📎 Source:openclaw-sumopod — view on GitHub & star ⭐
📧 Smart Email Forward with PDF Data Extraction
Automate Invoice Processing with OpenClaw Sumopod
🎯 TL;DR (Too Long; Didn't Read)
What: Automatically find emails with PDF attachments, extract key data, and forward formatted summaries to your team. Time: 15 minutes setup Result: No more manual copy-paste from invoices! 🤖
┌─────────────┐ ┌─────────────┐ ┌─────────────┐ ┌─────────────┐
│ Gmail │───▶│ Download │───▶│ Extract │───▶│ Forward │
│ Invoice │ │ PDF Attach │ │ Invoice Data│ │ Formatted │
│ Email │ │ to /tmp │ │ (amount, #) │ │ Email │
└─────────────┘ └─────────────┘ └─────────────┘ └─────────────┘
💡 Why Use This?
Real-World Scenario
Before (Manual Hell): 😫
1. Open Gmail
2. Find invoice email from vendor
3. Download PDF attachment
4. Open PDF, squint at numbers
5. Copy invoice number
6. Copy total amount
7. Copy due date
8. Open new email
9. Type everything manually
10. Send to accounting@company.com
11. Repeat 50x per day... 💀
After (Automation Magic): ✨
1. Run workflow once
2. All invoices processed automatically
3. Accounting gets clean data
4. You get coffee ☕
Perfect for:
- 📊 Invoice processing
- 📑 Receipt collection
- 🧾 Expense report automation
- 📋 Purchase order tracking
🗺️ Visual Workflow Map
┌─────────────────────────────────────┐
│ WORKFLOW OVERVIEW │
└─────────────────────────────────────┘
│
▼
┌───────────────────────────────────────────────────────────────┐
│ STEP 1: SEARCH │
│ ┌─────────────┐ │
│ │ Gmail Query │──▶ "from:vendor@acme.com has:attachment" │
│ └─────────────┘ │
└───────────────────────────────────────────────────────────────┘
│
▼
┌───────────────────────────────────────────────────────────────┐
│ STEP 2: DOWNLOAD │
│ ┌─────────────┐ ┌─────────────┐ │
│ │ Get Email │──▶ │ Save PDF │ │
│ │ Attachments │ │ to /tmp/ │ │
│ └─────────────┘ └─────────────┘ │
└───────────────────────────────────────────────────────────────┘
│
▼
┌───────────────────────────────────────────────────────────────┐
│ STEP 3: EXTRACT │
│ ┌─────────────┐ ┌─────────────────────┐ │
│ │ Parse PDF │──▶ │ Extract: │ │
│ │ Text/Tables │ │ • Invoice Number │ │
│ └─────────────┘ │ • Total Amount │ │
│ │ • Due Date │ │
│ │ • Vendor Name │ │
│ └─────────────────────┘ │
└───────────────────────────────────────────────────────────────┘
│
▼
┌───────────────────────────────────────────────────────────────┐
│ STEP 4: FORMAT & FORWARD │
│ ┌─────────────┐ ┌─────────────┐ ┌─────────────┐ │
│ │ Build Clean │──▶ │ Format as │──▶ │ Send to │ │
│ │ Data Object │ │ HTML/Markdown│ │ Recipient │ │
│ └─────────────┘ └─────────────┘ └─────────────┘ │
└───────────────────────────────────────────────────────────────┘
│
▼
┌─────────────────────┐
│ ☕ COFFEE TIME! │
└─────────────────────┘
🛠️ Prerequisites
Before we start, make sure you have:
| Requirement | Status | How to Check |
|---|---|---|
| OpenClaw Gateway | ✅ Required | openclaw gateway status |
| Gmail Access | ✅ Required | Connected via OAuth |
| Python 3.8+ | ✅ Required | python3 --version |
pdftotext or PyPDF2 | ✅ Required | which pdftotext |
Install Required Tools
# Option 1: Install pdftotext (recommended, faster)

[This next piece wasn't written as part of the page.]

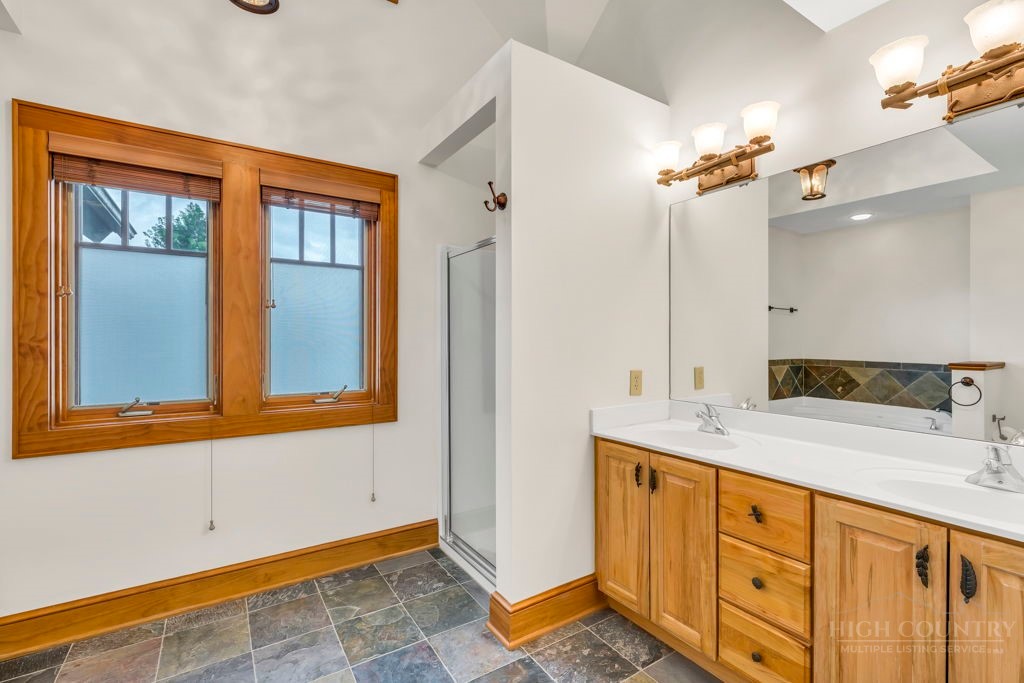 565 Peaceful Haven Drive M-3 Property Photo 29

sudo apt-get install poppler-utils
# Option 2: Install Python PDF library
pip install PyPDF2 pdfplumber
🚀 Step-by-Step Implementation
Step 1: Create the Workflow Directory
mkdir -p ~/workflows/email-pdf-processor
cd ~/workflows/email-pdf-processor
Step 2: Create the Main Script
Create file: process_invoices.py
#!/usr/bin/env python3
"""
📧 Smart Email Forward with PDF Data Extraction
Automates invoice processing from Gmail
"""
import os
import re
import json
import tempfile
from datetime import datetime
from pathlib import Path
# ============================================================
# CONFIGURATION - Edit these for your needs
# ============================================================
CONFIG = {
# Gmail search query - customize this!
"search_query": "from:vendor@example.com has:attachment filename:pdf newer_than:1d",
# Where to forward extracted data
"forward_to": "accounting@acmecorp.com",
# Email subject prefix
"subject_prefix": "[AUTO-INVOICE]",
# PDF download directory (auto-cleanup)
"download_dir": "/tmp/invoice_pdfs",
# Debug mode (prints extra info)
"debug": True
}
# ============================================================
# STEP 1: Search Gmail for Invoice Emails
# ============================================================
def search_emails(query):
"""
🔍 Search Gmail using gog CLI
Returns list of emails matching query
"""
import subprocess
print(f"🔍 Searching Gmail: {query}")
cmd = ["gog", "gmail", "search", query, "--max=10", "--json"]
try:
result = subprocess.run(cmd, capture_output=True, text=True)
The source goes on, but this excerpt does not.